Mondros Mütarekesi, İzmir Hadisesi, ‘Sevr Muahedesi’ gibi müstesna bir nokta-i nazarla telakki ettiğim vekâyiden sonra gelen mesailde, daima icabat-ı meşrutiyete tevfik-i hareket eyledim ve bu sebeple muhtelif kabinelerin muhtelif, belki mütehalif ictihadlarına riayet ettim. Mustafa Kemal’i Anadolu’ya gönderen ve bilahare devlet-i metbûasını tanımadığı cihetle tenkili için kuvve-i askeriye şevkine lüzum gösteren kabinelere mümâşaatımda, hükümet-i mes’ule ile makam-ı hükümdarînin münasebet-i mütekâbilesine ait icabat-ı meşrutiyetten ayrılmamak arzusu ve bazı esbâb-ı zaruriye-i siyasiye âmil olmuştur.”

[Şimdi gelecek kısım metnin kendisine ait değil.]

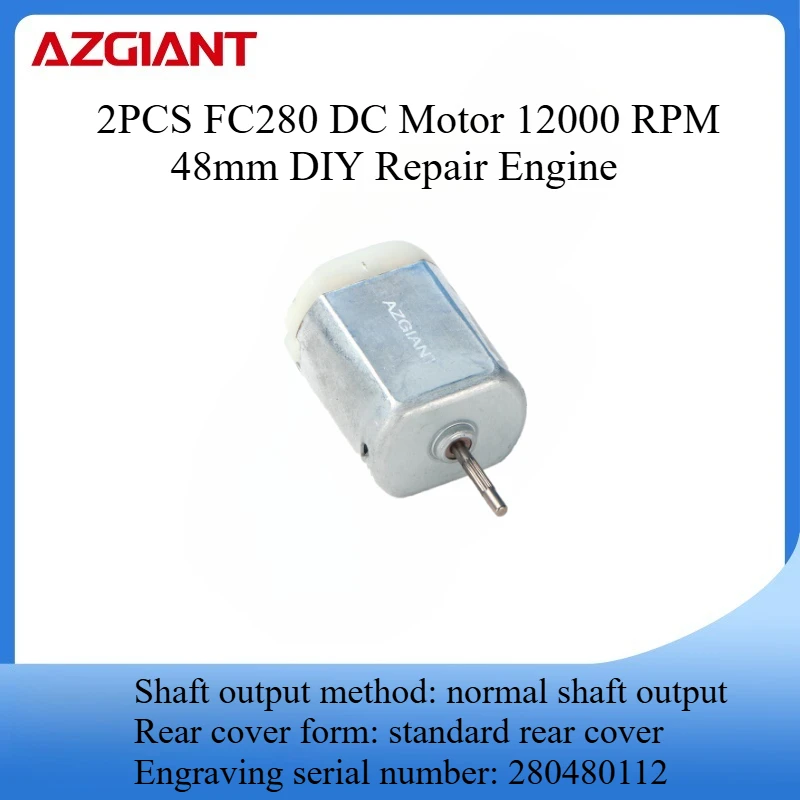 

2PCS FC280 DC Motor 12000 RPM 48mm DIY Repair Engine For Car Replacement Power OEM Accesseries Forward Rotation Toy High Quality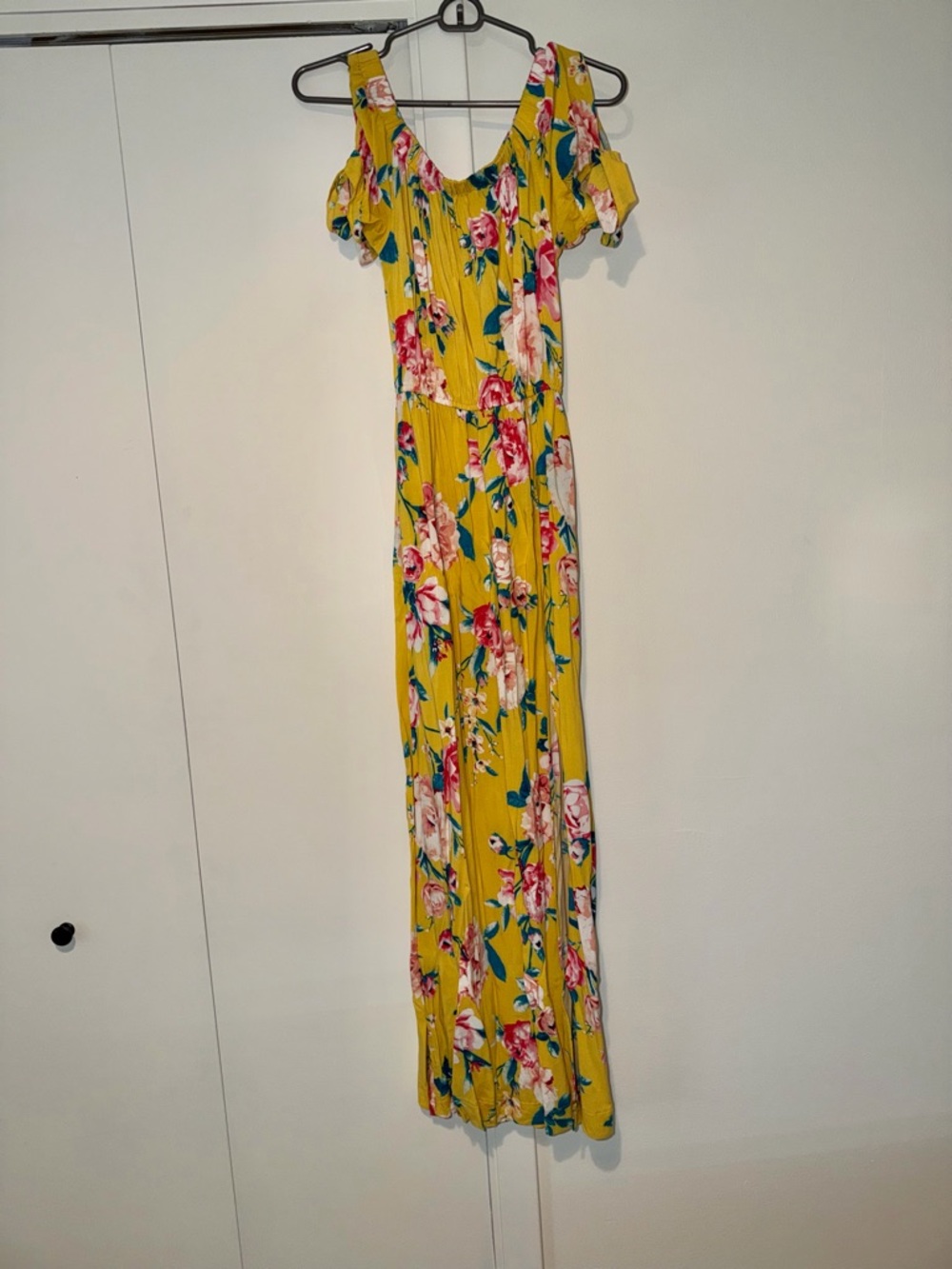 Band of Gypsies Yellow Floral Maxi Dress Off Shoulder - Picture 6 of 7
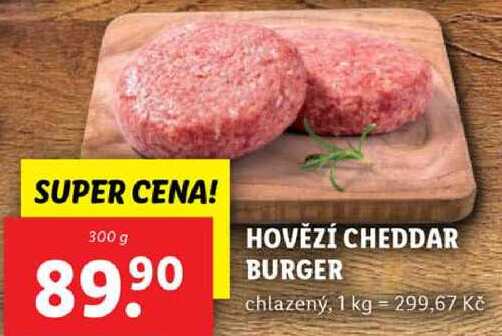 HOVĚZÍ CHEDDAR BURGER, 300 g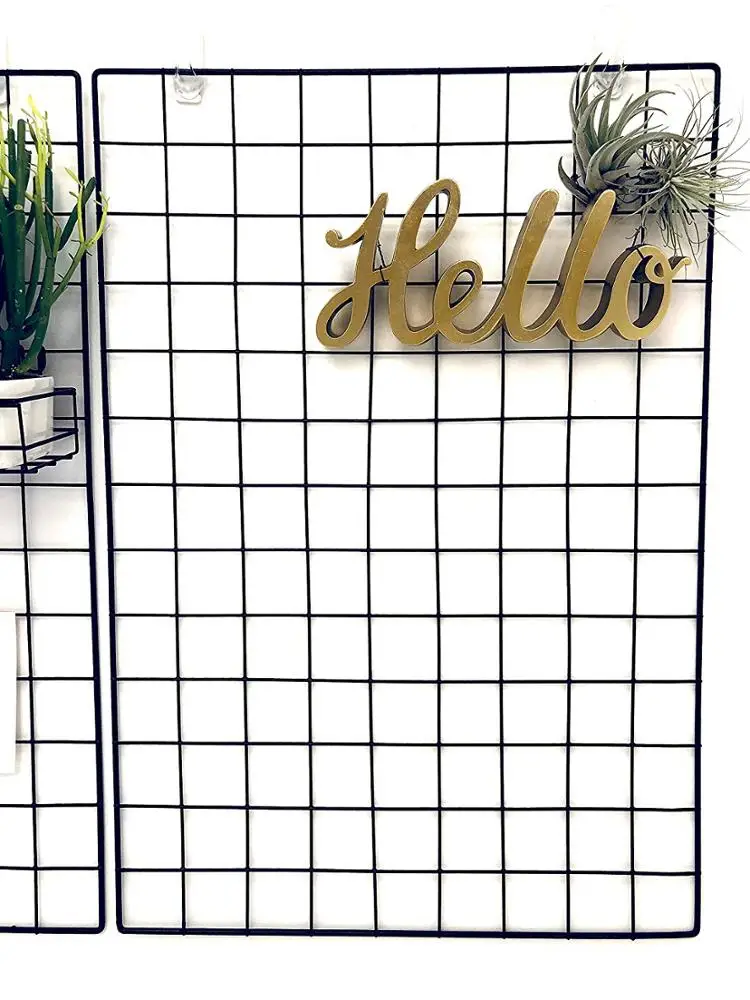 Set of 2 Grid Photo Wall Rectangle Iron Rack Clip Photograph Wall Hanging Picture Wire Wall Grid For Home Decoration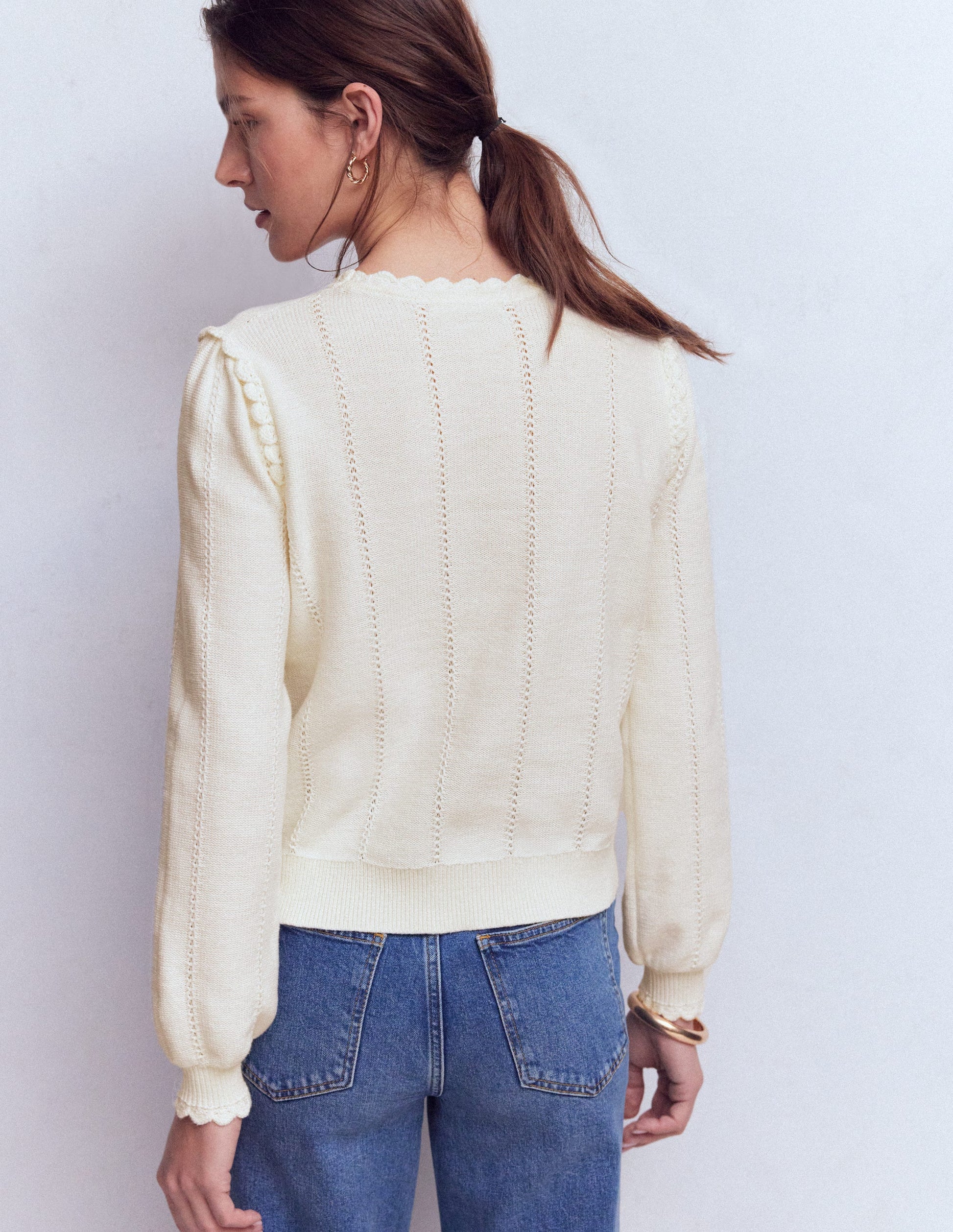 Valeria Crochet Trim Jumper-Warm Ivory , Embroidery-3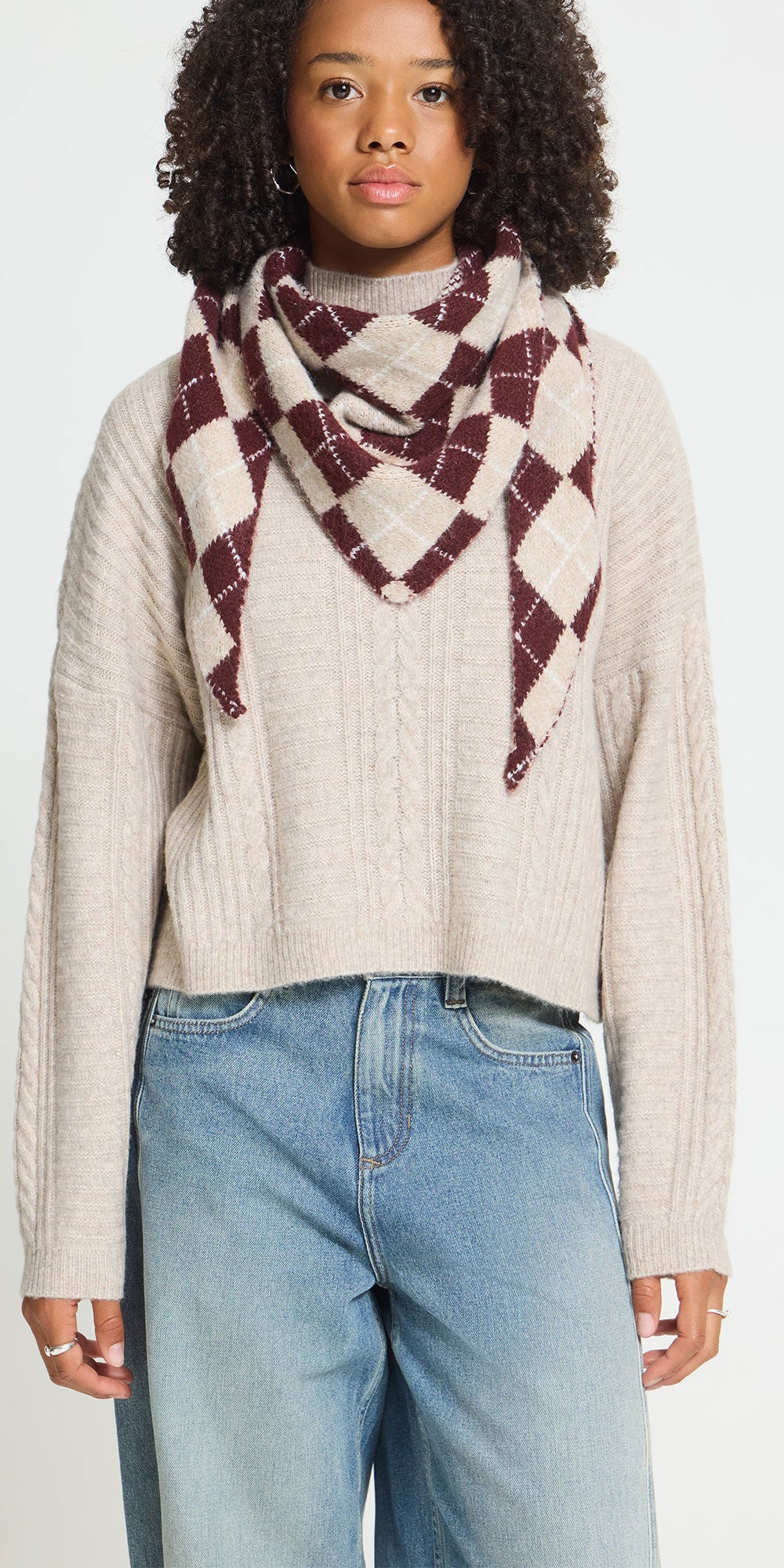 Ichi Argyle Triangle Scarf, burgundy/oatmeal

Böyle bugün için anlaşılması güç bir dille devam eden beyannâmede, Sultan Vahideddin, yurt dışına çıkışına temasla diyor ki:
“Bu ayrılığım, bilhassa Harb-i Umumi’den sonra kendi ef ’alinin hesabını vermek mevkiinde bulunanlara karşı ef ’alimin hesabını vermekten korkmak kabilinden olmayıp müdafaa ve hakk-ı kelâmdan memnu bir hâlde hayatımı göz göre göre tehlikeye teslim etmek gibi emr-i ilâhinin ve akl-ı selimin kabul etmeyeceği bir şeyden içtinap eylemek ve hem de ‘el-Firâru mimmâ la-yutâk min süneni’l mürselîn’ fetva-yı şerifi üzere müekkil-i zîşanımın hicret-i nebeviyyelerine ait olan sünnet-i seniyyeye ittiba etmekten ibarettir.”
Yurt dışına çıkışını böyle “hicret’le izah eden Sultan Vahideddin, uzun beyannâmesinde, hakkındaki iddiaları cevaplandırmakta ve şöyle tamamlamaktadır:
“Misafir olduğum bilad-ı mukaddese-i Arabiyye’nin hükümdar-ı âli-tebârı ile ahali-i necibesi taraflarından gerek benim hakkımda ve gerek vatancüdâ diğer hemşerilerim hakkında gösterilen âsâr-ı mihman-nevâzî-yi şükrü mahmidetle yâd ettiğim gibi haiz oldukları asalet-i mümtâze ve mutahharaya muvafık bir suretle hareket eden müşaru’n-ileyh celaletu’l-melik hazretleriyle aile-i muhteremeleri erkânının teâlî-i şan u şereflerini ve bu sayede bilad-ı mukaddese-i Arabiyye’nin ve sekene-i necibesinin tarihe ziynet veren mazileriyle layık oldukları inkişaf-ı mes’uda mazhar olmalarını da cidden temenni ederim.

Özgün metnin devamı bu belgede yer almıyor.